I think the next step is to create a reliable reproducer, both to verify the hypothesis of why it happens, and to have something to test potential solutions against. Actually, making the test suite able to detect these zombies itself would be nice!
#9 Updated by CyrilBrulebois 2020-04-07 17:05:11
- Target version changed from Tails_4.5 to Tails_4.6
#10 Updated by intrigeri 2020-04-08 05:59:10
> Actually, making the test suite able to detect these zombies itself would be nice!
See Bug #17216 and in particular Bug #11295#note-38 :)
#11 Updated by intrigeri 2020-04-12 13:19:33
- Priority changed from Normal to Elevated
- Parent task deleted (
)Bug #15460
Unparenting so we can close Bug #15460.
Bumping priority as this is a possible regression introduced in 4.5.

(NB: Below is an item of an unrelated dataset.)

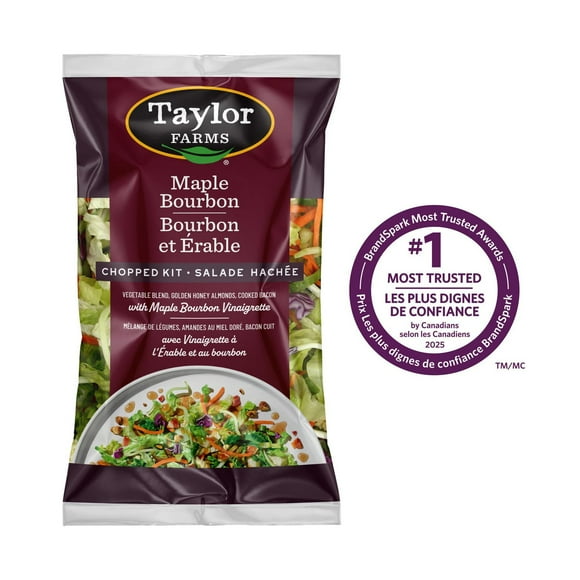 Taylor Farms Maple Bourbon Chopped Salad Kit, 315 g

#12 Updated by intrigeri 2020-04-12 13:19:59
- related to
Bug #15460: Test suite broken with Java 9+ so we need to replace Sikuli added
#13 Updated by anonym 2020-04-14 10:57:42
- % Done changed from 20 to 40
Woo, last three runs (since commit:b29c07b9952abde2a63ef5e9dd0af3987a55a073) on Jenkins looks good! The test suite cannot detect that it created any zombies. Just gonna refactor away some repeated code…
#14 Updated by anonym 2020-04-14 13:42:59
- % Done changed from 40 to 50
Done! So just one more run on Jenkins…
#15 Updated by anonym 2020-04-15 08:41:12
- Status changed from In Progress to Needs Validation
- Assignee deleted (
anonym)
anonym wrote:
> Done! So just one more run on Jenkins…
The two runs on commit:643c6ac21e1b8501b32301840cf3f4e5b5771e47 looks good! I’ve reverted the debugging stuff and pushed — please review and merge!
#16 Updated by intrigeri 2020-04-15 10:23:33
- Assignee set to intrigeri
#17 Updated by intrigeri 2020-04-15 10:30:40
- related to
Bug #14948: zombie processes when running the test suite added
#18 Updated by intrigeri 2020-04-15 10:31:31
- related to Bug #17216: Make the test suite clean up after itself even in most tricky failure modes added
#19 Updated by intrigeri 2020-04-15 10:45:48
A quick code review passes. Now building 4.5 so I can run the test suite locally against it, with instrumentation in place to spot defunct processes.
#20 Updated by intrigeri 2020-04-16 05:50:48
- Status changed from Needs Validation to Resolved
- % Done changed from 50 to 100
Applied in changeset commit:tails|cf9e208256acc3db931c51cd4df1066452c856c9.